Dışişleri’ne Hakan Fidan’ın atanması, Fidan’ın nihayet çok istediği siyaset kulvarına girmesi demek. Trump’ın CIA’in ardından dışişleri bakanlığına getirdiği Pompeo başına bela olmuştu, bakalım Fidan ne yapacak. Ama Hakan Fidan’ın sahneye çıkması güzel. Parası cebimizden çıkan trollerin ilmek ilmek ördüğü imajın yaldızlarının dökülme vakti geldi.
Erdoğan’ın Dışişleri’nin başında güçlü bir isme ihtiyacı yok. Tam tersine Çavuşoğlu gibi tek amacı kendisine hizmet etmek olan ve her cümlesinde “Sayın cumhurbaşkanımızın da ifade ettiği gibi” diyecek biri yeterliydi. Hatta Erdoğan’ın tornistan dış politikasına, hiçbir omurgası olmayan, ağzı bol laf yapan Çavuşoğlu daha fazla uyuyordu.
Dışişleri bakanlığı prestijli bir koltuk. Ülkeyi temsil, uluslararası zirvelerde boy gösterme ve tanınırlık, iç politikanın polemiklerinden uzak kalma, ülkenin milli çıkarlarını savunuyor görünme gibi avantajları var. O sebeple her hükümet zamanında kabinenin en çok arzu edilen koltuğudur. Hatırlarsanız koalisyon dönemlerinde parti liderleri başbakan yardımcısı ve dışişleri bakanlığı koltuğuna otururdu. Abdullah Gül de Erdoğan başbakan olunca böyle bir tercih de bulunmuştu. Gül’den sonra o dönemin genç yıldızı Babacan bu koltuğa oturmuştu. Davutoğlu da başbakanlığa Dışişleri’nden geçmişti.

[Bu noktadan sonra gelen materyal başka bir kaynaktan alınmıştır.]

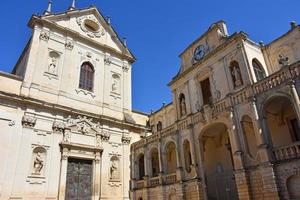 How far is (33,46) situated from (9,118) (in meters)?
5.76

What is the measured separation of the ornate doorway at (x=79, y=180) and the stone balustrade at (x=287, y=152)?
12166mm

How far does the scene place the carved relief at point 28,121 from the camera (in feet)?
51.6

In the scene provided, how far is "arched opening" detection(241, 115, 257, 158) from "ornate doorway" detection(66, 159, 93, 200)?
1084 centimetres

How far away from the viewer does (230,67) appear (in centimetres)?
1488

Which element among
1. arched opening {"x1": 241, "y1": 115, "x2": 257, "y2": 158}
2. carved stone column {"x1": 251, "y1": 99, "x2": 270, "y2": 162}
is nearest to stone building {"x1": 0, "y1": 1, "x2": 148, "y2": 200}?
arched opening {"x1": 241, "y1": 115, "x2": 257, "y2": 158}

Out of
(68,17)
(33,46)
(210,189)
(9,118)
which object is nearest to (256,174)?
(210,189)

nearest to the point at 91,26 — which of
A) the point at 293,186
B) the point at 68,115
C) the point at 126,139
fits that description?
the point at 68,115

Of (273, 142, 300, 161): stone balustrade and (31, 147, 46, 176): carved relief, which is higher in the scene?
(31, 147, 46, 176): carved relief

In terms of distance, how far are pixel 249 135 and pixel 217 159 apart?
13.7 feet

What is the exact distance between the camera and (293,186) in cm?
970

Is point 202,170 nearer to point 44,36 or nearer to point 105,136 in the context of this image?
point 105,136

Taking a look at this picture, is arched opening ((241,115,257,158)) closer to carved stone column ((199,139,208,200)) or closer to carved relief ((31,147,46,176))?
carved stone column ((199,139,208,200))

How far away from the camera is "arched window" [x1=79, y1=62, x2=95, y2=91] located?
66.6 feet

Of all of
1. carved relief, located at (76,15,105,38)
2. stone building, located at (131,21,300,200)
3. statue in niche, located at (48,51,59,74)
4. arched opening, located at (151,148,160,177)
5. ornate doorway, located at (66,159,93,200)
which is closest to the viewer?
stone building, located at (131,21,300,200) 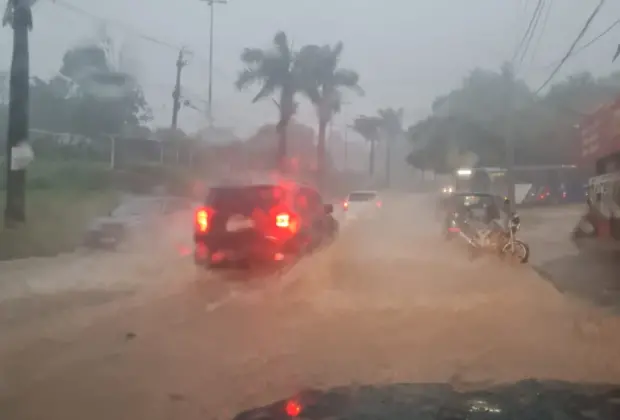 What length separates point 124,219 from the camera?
762 inches

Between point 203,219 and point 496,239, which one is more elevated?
point 203,219

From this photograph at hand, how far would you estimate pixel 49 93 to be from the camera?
113 feet

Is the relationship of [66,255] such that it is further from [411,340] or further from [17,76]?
[411,340]

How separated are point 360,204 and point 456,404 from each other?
27.3 m

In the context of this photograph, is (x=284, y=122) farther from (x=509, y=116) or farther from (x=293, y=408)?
(x=293, y=408)

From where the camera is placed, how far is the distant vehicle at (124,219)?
1891 centimetres

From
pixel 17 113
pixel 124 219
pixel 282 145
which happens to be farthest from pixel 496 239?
pixel 282 145

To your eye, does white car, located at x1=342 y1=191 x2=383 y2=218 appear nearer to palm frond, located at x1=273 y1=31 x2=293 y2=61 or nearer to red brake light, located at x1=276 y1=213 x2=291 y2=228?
palm frond, located at x1=273 y1=31 x2=293 y2=61

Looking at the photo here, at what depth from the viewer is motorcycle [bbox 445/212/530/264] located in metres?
15.8

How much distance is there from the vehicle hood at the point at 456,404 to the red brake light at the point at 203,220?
30.1 ft

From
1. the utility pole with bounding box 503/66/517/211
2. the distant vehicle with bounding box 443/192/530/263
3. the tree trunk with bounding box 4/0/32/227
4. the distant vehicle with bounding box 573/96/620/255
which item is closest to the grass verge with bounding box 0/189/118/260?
the tree trunk with bounding box 4/0/32/227

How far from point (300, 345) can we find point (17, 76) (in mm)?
14242

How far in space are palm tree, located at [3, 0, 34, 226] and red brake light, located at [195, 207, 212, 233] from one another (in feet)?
24.9

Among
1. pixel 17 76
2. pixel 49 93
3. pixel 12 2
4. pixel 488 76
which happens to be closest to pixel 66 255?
pixel 17 76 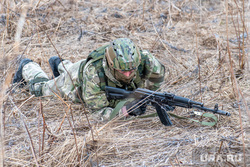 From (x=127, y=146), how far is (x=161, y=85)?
5.46ft

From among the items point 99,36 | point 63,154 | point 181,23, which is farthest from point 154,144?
point 181,23

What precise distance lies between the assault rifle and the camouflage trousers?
0.88 meters

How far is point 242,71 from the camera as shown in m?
4.70

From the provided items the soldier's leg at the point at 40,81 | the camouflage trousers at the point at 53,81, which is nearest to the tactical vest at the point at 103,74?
the camouflage trousers at the point at 53,81

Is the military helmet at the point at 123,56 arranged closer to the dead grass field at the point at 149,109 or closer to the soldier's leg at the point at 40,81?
the dead grass field at the point at 149,109

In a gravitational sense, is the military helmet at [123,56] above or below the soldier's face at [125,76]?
above

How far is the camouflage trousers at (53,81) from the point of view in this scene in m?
4.43

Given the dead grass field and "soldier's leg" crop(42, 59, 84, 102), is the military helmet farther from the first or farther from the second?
"soldier's leg" crop(42, 59, 84, 102)

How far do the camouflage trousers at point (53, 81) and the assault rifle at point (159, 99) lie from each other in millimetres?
880

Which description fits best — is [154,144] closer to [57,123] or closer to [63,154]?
[63,154]

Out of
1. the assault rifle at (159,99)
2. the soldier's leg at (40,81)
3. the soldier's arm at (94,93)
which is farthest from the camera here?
the soldier's leg at (40,81)

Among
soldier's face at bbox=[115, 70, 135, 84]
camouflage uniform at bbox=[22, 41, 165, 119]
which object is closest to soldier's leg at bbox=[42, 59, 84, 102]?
camouflage uniform at bbox=[22, 41, 165, 119]

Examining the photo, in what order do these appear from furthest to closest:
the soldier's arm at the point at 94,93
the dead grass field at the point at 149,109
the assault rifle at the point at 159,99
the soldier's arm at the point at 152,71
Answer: the soldier's arm at the point at 152,71 → the soldier's arm at the point at 94,93 → the assault rifle at the point at 159,99 → the dead grass field at the point at 149,109

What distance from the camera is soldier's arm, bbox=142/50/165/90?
4.09 m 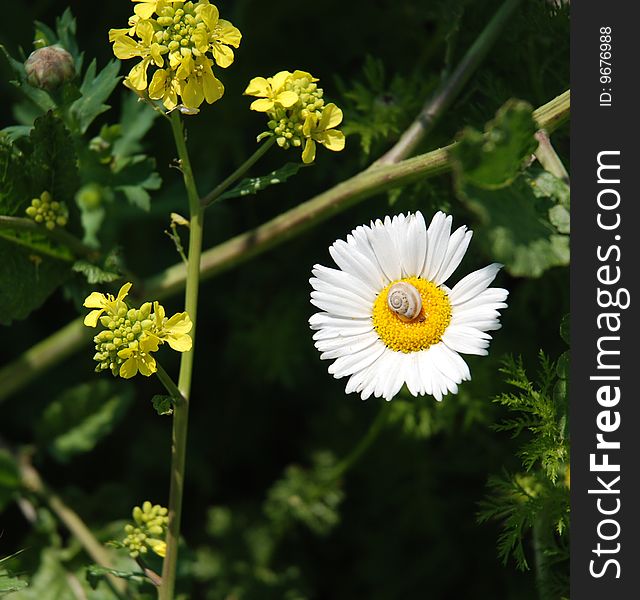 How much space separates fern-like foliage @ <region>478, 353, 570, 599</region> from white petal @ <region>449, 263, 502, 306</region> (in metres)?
0.15

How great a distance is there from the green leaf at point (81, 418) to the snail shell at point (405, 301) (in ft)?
3.04

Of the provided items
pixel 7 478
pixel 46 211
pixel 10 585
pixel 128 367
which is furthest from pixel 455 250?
pixel 7 478

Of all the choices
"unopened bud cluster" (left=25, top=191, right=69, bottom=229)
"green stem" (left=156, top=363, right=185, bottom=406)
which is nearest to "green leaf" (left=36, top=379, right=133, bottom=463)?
"unopened bud cluster" (left=25, top=191, right=69, bottom=229)

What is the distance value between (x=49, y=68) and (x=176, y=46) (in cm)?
34

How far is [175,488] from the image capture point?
4.84 feet

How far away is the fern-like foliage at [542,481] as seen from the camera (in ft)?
4.90

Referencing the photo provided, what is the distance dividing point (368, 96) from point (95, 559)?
4.20 feet

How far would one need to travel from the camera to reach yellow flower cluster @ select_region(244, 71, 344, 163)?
1.43m

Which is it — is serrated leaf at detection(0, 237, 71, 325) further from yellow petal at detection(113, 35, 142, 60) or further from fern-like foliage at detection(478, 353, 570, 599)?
fern-like foliage at detection(478, 353, 570, 599)

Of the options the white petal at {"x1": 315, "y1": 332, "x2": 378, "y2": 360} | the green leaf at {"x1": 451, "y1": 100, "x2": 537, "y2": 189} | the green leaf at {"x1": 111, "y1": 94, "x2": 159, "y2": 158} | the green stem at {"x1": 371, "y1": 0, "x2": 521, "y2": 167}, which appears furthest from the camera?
the green leaf at {"x1": 111, "y1": 94, "x2": 159, "y2": 158}

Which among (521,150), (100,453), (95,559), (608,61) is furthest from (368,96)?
(100,453)

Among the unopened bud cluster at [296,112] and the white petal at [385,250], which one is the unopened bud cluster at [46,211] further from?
the white petal at [385,250]

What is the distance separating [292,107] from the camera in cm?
145

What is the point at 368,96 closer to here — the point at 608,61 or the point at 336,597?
the point at 608,61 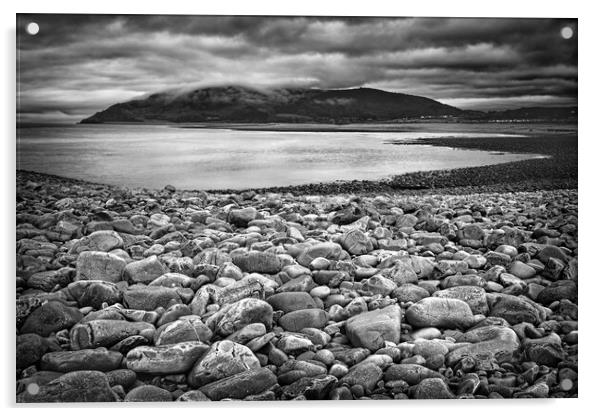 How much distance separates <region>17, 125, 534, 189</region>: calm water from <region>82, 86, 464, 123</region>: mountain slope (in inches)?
3.6

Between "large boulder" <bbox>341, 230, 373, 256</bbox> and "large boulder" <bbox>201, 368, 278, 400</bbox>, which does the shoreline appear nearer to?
"large boulder" <bbox>341, 230, 373, 256</bbox>

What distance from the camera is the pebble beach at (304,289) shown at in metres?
3.38

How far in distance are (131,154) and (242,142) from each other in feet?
2.22

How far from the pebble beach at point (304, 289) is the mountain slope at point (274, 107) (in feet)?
1.38

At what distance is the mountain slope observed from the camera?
388 cm

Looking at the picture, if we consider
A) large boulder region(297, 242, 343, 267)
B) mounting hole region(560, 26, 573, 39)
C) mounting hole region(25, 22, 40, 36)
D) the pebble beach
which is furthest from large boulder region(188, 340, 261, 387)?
mounting hole region(560, 26, 573, 39)

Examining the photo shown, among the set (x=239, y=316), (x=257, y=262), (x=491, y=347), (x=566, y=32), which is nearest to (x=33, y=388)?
(x=239, y=316)

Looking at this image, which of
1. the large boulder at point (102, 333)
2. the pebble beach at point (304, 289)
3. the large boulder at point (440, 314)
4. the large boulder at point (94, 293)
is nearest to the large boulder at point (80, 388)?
the pebble beach at point (304, 289)

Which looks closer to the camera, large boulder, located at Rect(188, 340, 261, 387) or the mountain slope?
large boulder, located at Rect(188, 340, 261, 387)

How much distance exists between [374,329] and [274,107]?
4.83 ft

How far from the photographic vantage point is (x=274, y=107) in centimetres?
395

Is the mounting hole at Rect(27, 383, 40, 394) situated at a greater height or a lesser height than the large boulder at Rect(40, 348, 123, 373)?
lesser

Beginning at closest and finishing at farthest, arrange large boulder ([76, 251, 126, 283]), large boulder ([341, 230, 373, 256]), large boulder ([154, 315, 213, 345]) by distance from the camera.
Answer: large boulder ([154, 315, 213, 345]), large boulder ([76, 251, 126, 283]), large boulder ([341, 230, 373, 256])

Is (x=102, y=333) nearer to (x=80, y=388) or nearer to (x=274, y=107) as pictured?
(x=80, y=388)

Başbakan ve meclis artık ortada olmadığı için Fidan’ın bu göreve gelmesi MİT hizmetlerinin ardından prestijli bir veda makamı. Kalın ya da kim atanırsa atansın ailenin daha güvendiği bir isim MİT’e gelecek demektir.
Bu tür Ortadoğu rejimlerinde bakanlıklardan ziyade istihbarat şefleri, polis şefleri önemlidir.

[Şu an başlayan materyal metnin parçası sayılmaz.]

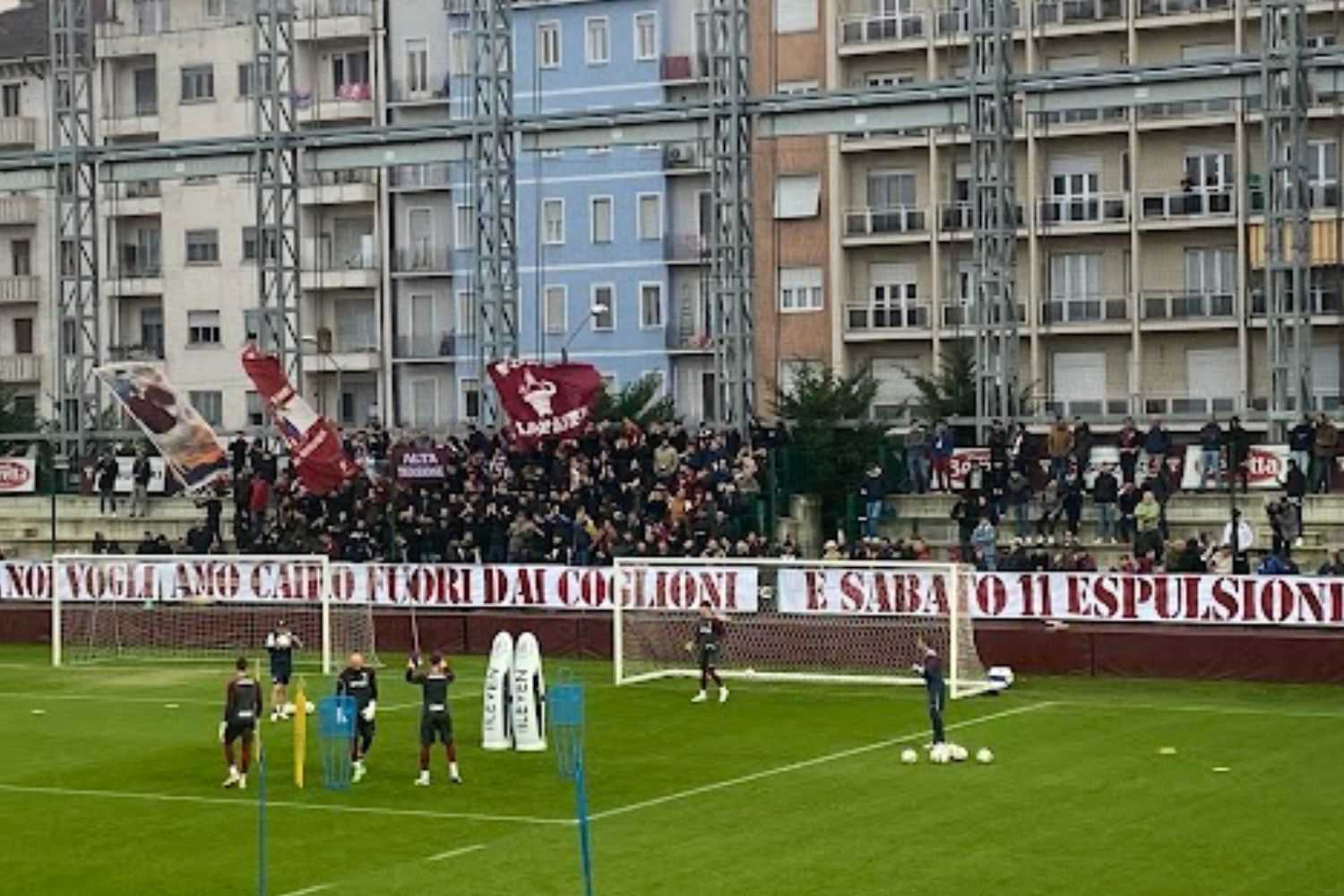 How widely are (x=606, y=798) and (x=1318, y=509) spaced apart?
23365 mm

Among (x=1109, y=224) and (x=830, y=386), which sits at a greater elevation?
(x=1109, y=224)

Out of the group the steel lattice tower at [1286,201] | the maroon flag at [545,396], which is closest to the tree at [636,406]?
the maroon flag at [545,396]

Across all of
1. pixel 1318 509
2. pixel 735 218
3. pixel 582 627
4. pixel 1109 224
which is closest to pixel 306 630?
pixel 582 627

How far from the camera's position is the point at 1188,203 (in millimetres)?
81438

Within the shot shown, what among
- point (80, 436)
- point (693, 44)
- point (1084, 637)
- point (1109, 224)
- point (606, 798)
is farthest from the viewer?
point (693, 44)

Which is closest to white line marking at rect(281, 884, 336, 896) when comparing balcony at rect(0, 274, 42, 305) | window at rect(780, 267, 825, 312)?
window at rect(780, 267, 825, 312)

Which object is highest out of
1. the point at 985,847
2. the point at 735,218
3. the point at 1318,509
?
the point at 735,218

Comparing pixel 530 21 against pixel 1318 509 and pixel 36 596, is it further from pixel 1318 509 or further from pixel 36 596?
pixel 1318 509

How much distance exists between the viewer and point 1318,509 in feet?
176

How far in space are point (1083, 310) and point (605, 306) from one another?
16.8 metres

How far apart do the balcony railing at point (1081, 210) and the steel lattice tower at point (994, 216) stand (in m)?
24.0

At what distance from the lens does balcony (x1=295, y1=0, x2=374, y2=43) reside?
9319 cm

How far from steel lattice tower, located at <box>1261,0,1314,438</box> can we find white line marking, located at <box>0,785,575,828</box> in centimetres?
2639

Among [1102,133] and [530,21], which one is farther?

Erdoğan böylelikle MİT, Emniyet ve Ordu’nun başında sivrilen isimleri budamış oldu. Erdoğan’ın şahsi kirli işlerinde yer aldığı için Fidan’ın durumu biraz daha farklı. Erdoğan silmek istese, kendisinden habersiz Davutoğlu zamanında istifa edip vekil olmak için başvurduğu zaman bunu yapardı.
Fidan demişken, devlet devlet olsa asla herhangi bir güvenlik soruşturmasını aşamayacak adam yıllarca bu ülkede askerlik yaptı, istihbaratı yönetti şimdi de dışişleri bakanı. Neyse bunların şimdilik bir önemi kalmadı.